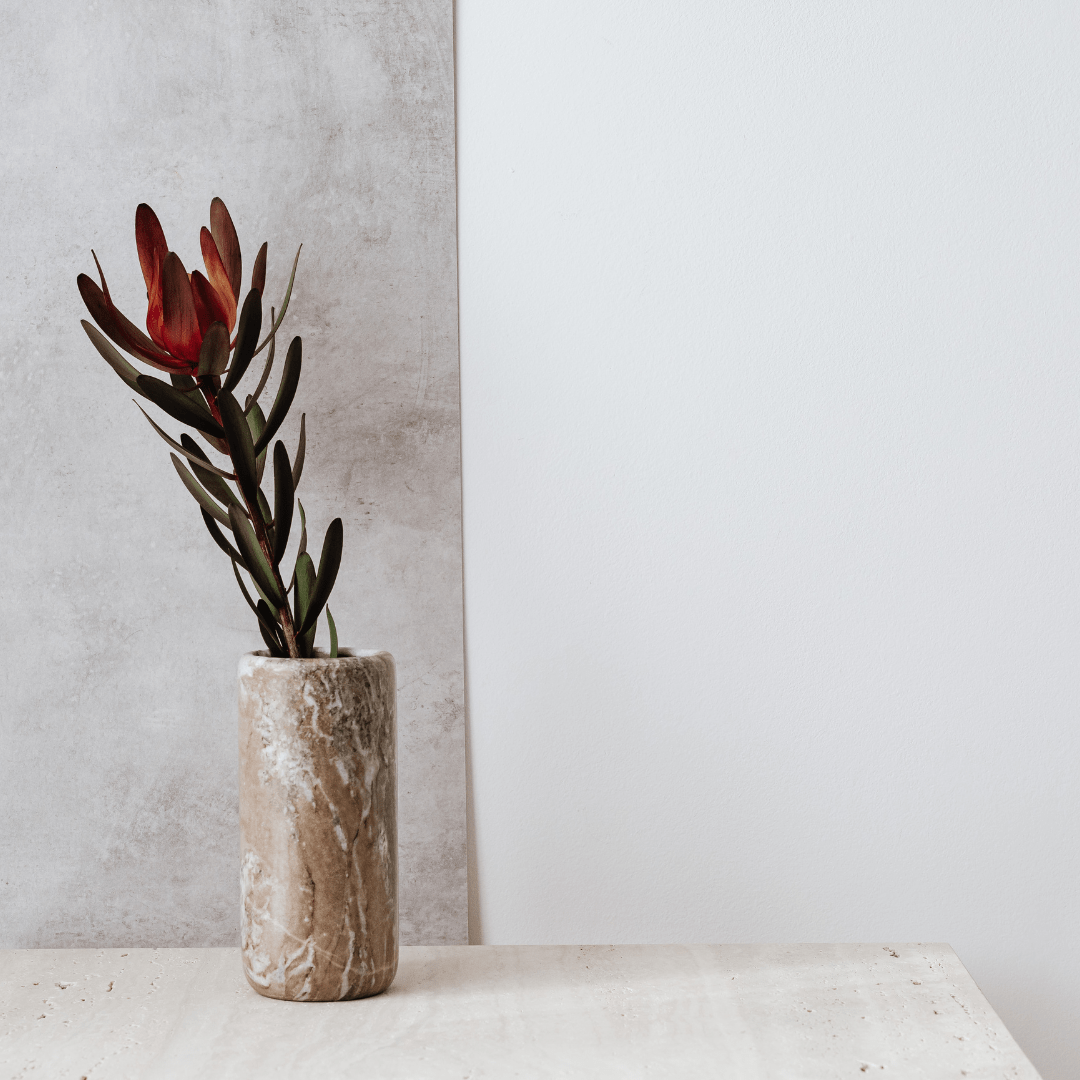 Why does marble increase the value of a property? Barcelona marbles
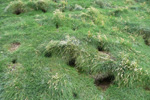 Lundaland / Puffin nests in the colony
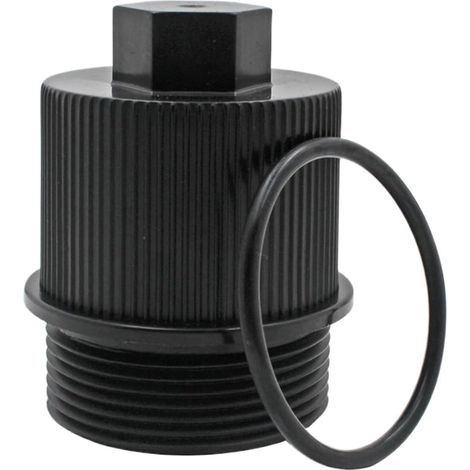 Bouchon de retour pour piscine, bouchon de vidange – Couvercle de rechange pour tuyau de skimmer pour bassin, aspirateur, cartouche, piscine (1/5)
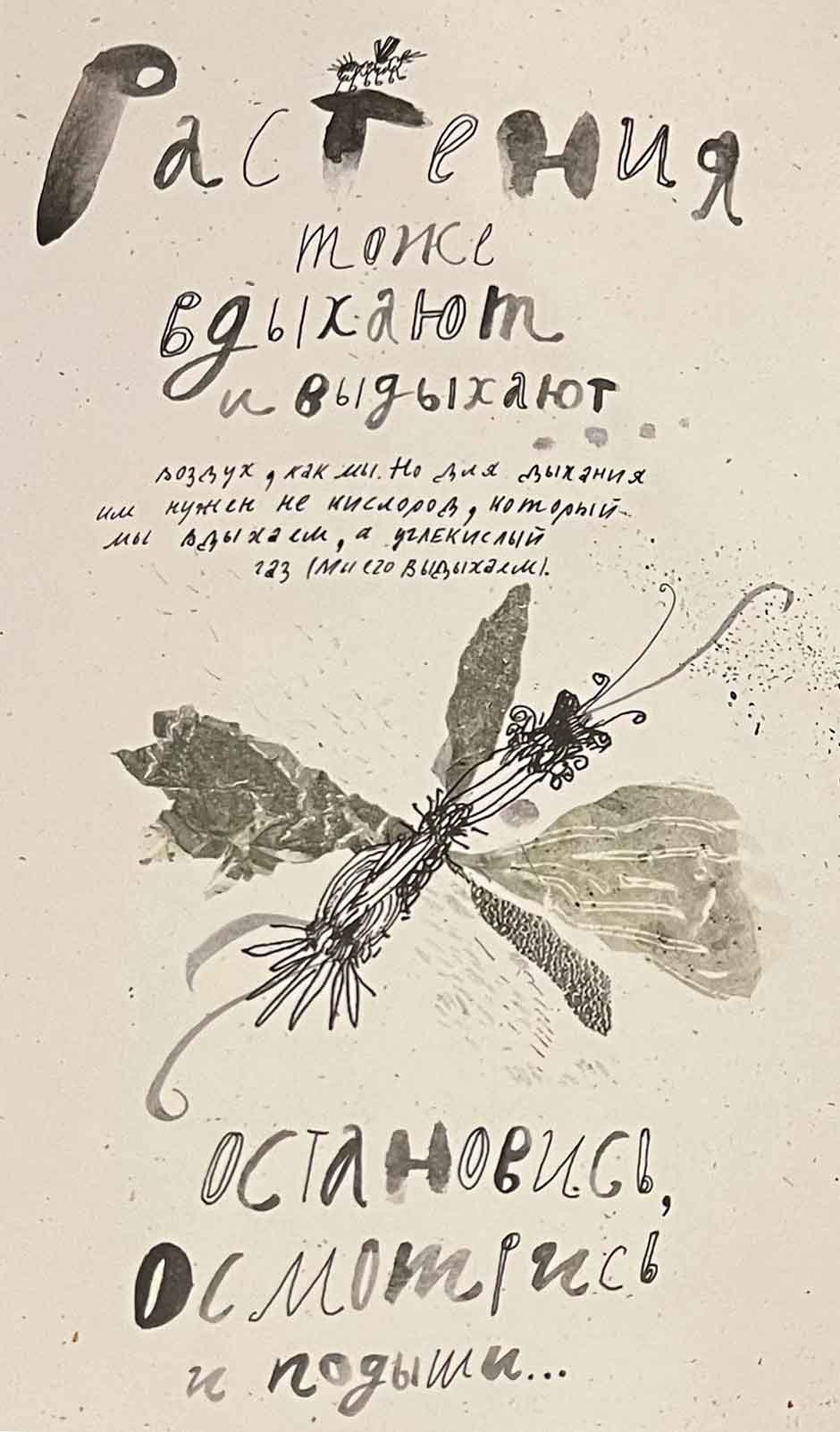 Чернышева Камни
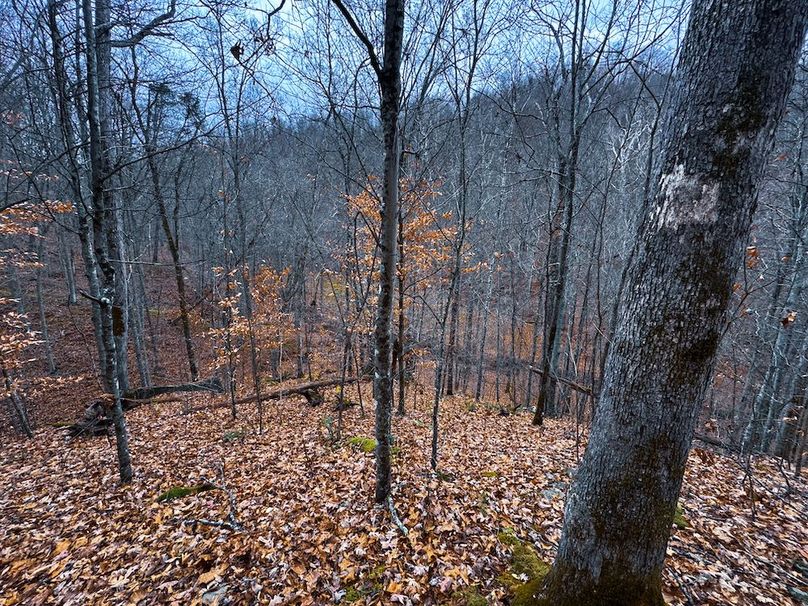 Ritchie, WV 100 AC Harper-38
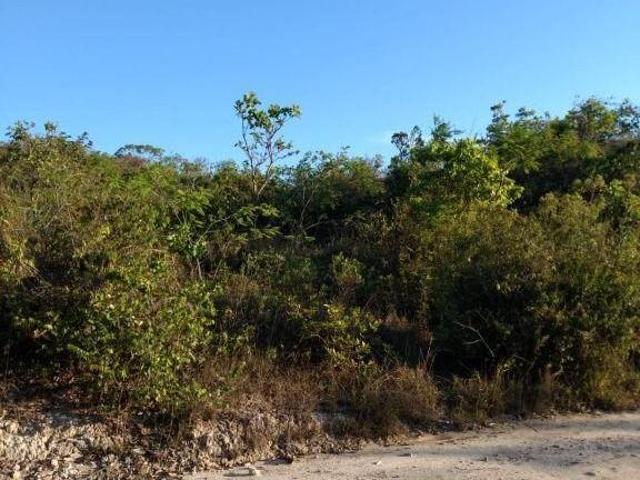 Terreno venda em Ravena, Sabará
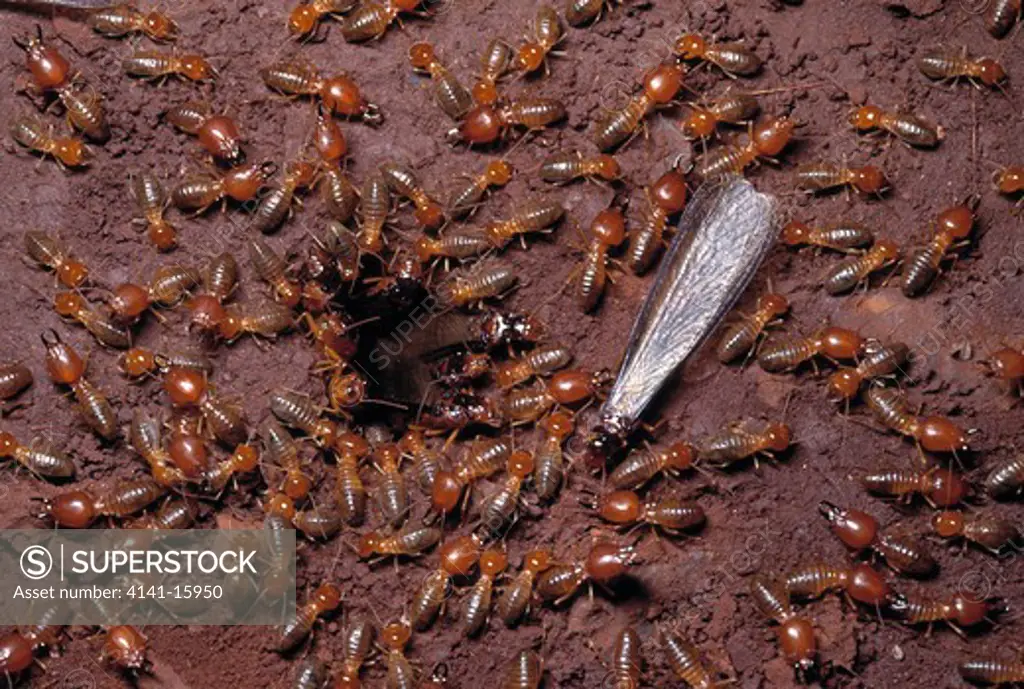 termite queen with soldiers & workers cerrado ecosystem, uberaba, minas gerais, brazil.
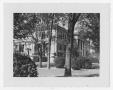 Primary view of [Carnegie Library Diagonal Left View With Trees]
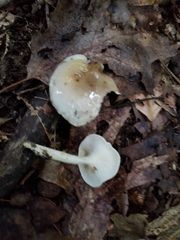 Hygrophorus occidentalis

-*-

## [TASK ITEM]
Reproduce the material above exactly, but only from the line with "Чернышева Камни" through its last line, leaving pictures out.

## [TASK ANSWER]
 Чернышева Камни
 Ritchie, WV 100 AC Harper-38
 Terreno venda em Ravena, Sabará
 termite queen with soldiers & workers cerrado ecosystem, uberaba, minas gerais, brazil.
 Primary view of [Carnegie Library Diagonal Left View With Trees]
 Hygrophorus occidentalis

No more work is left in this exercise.